## Dataset content
BEGIN

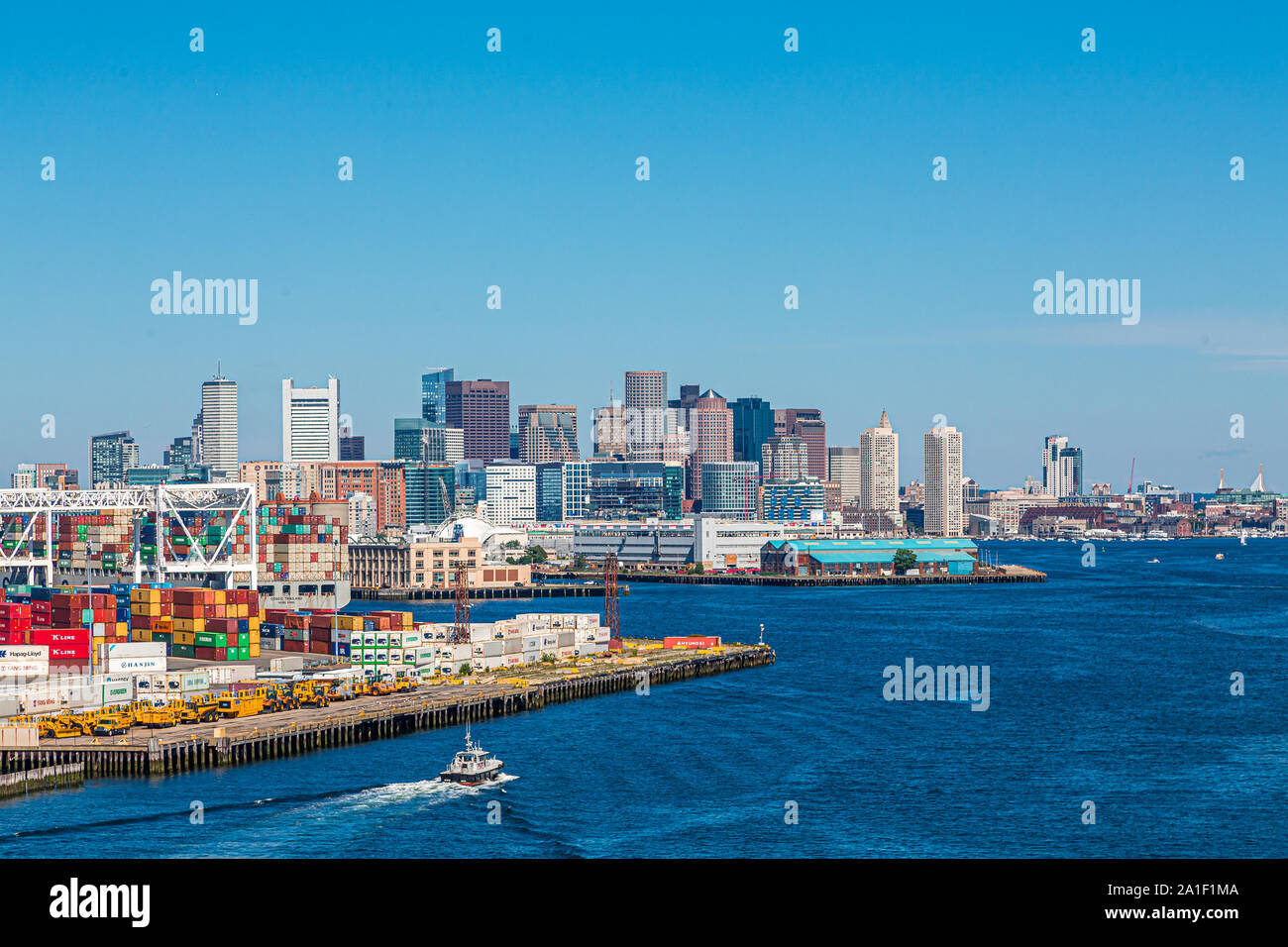 Fracht- Terminal in Boston. Stockfoto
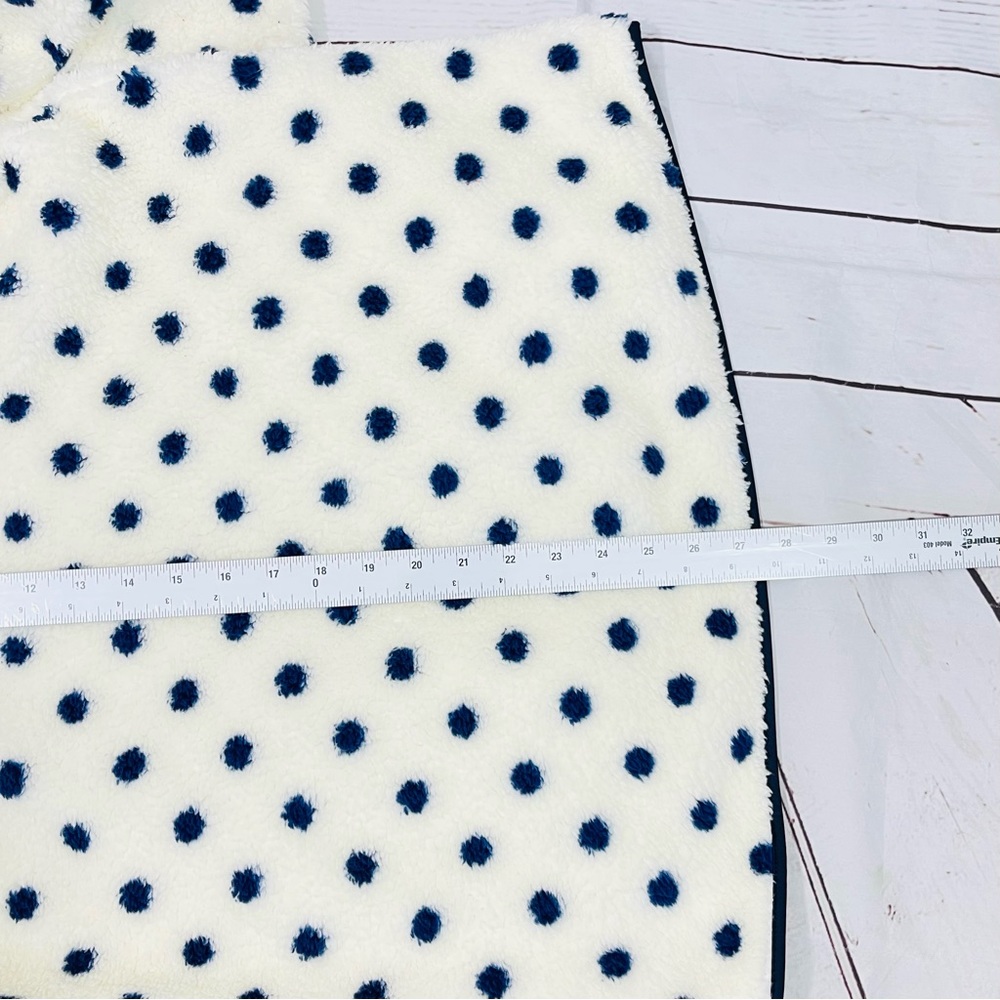 T By Talbots Fleece Jacket Womens Size L Plush Full Zip Sherpa Ivory Polka Dots - Picture 12 of 12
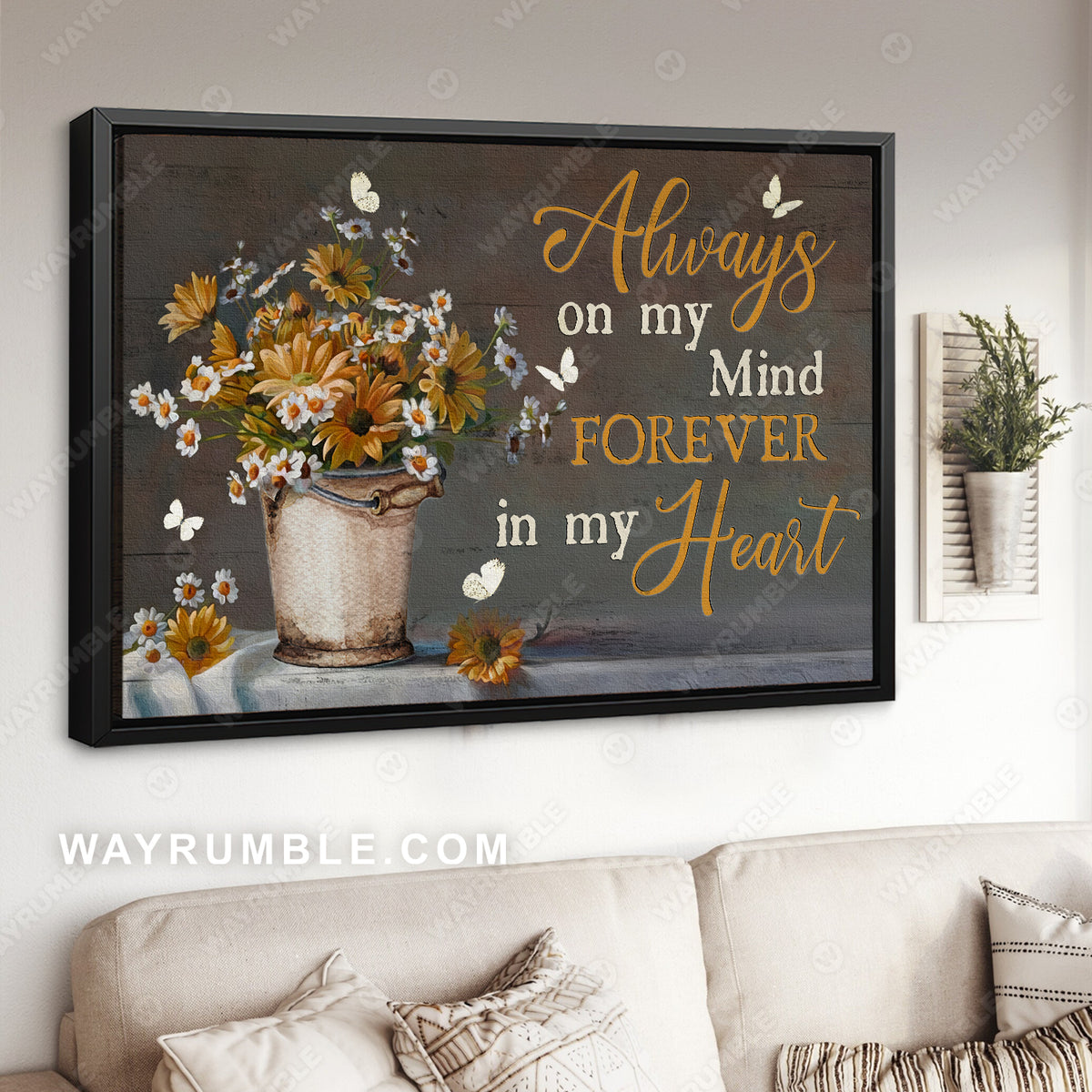 Gerbera daisy, Pretty butterfly, Still life painting, Always on my mind, Forever in my heart - Heaven Landscape Canvas Prints, Wall Art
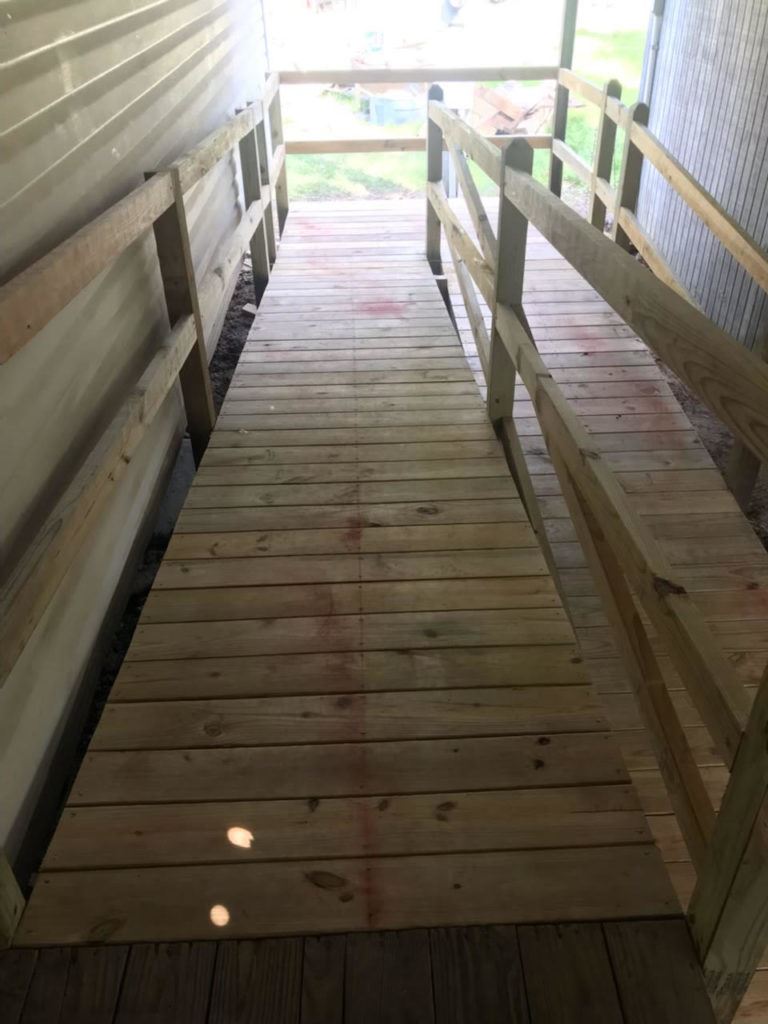 Wheelchair ramp installed for a veteran using a HISA grant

END

## Exercise aim
All of the data needs repeating exactly, but the pictures do not.

## Exercise response
 Fracht- Terminal in Boston. Stockfoto
 T By Talbots Fleece Jacket Womens Size L Plush Full Zip Sherpa Ivory Polka Dots - Picture 12 of 12
 Gerbera daisy, Pretty butterfly, Still life painting, Always on my mind, Forever in my heart - Heaven Landscape Canvas Prints, Wall Art
 Wheelchair ramp installed for a veteran using a HISA grant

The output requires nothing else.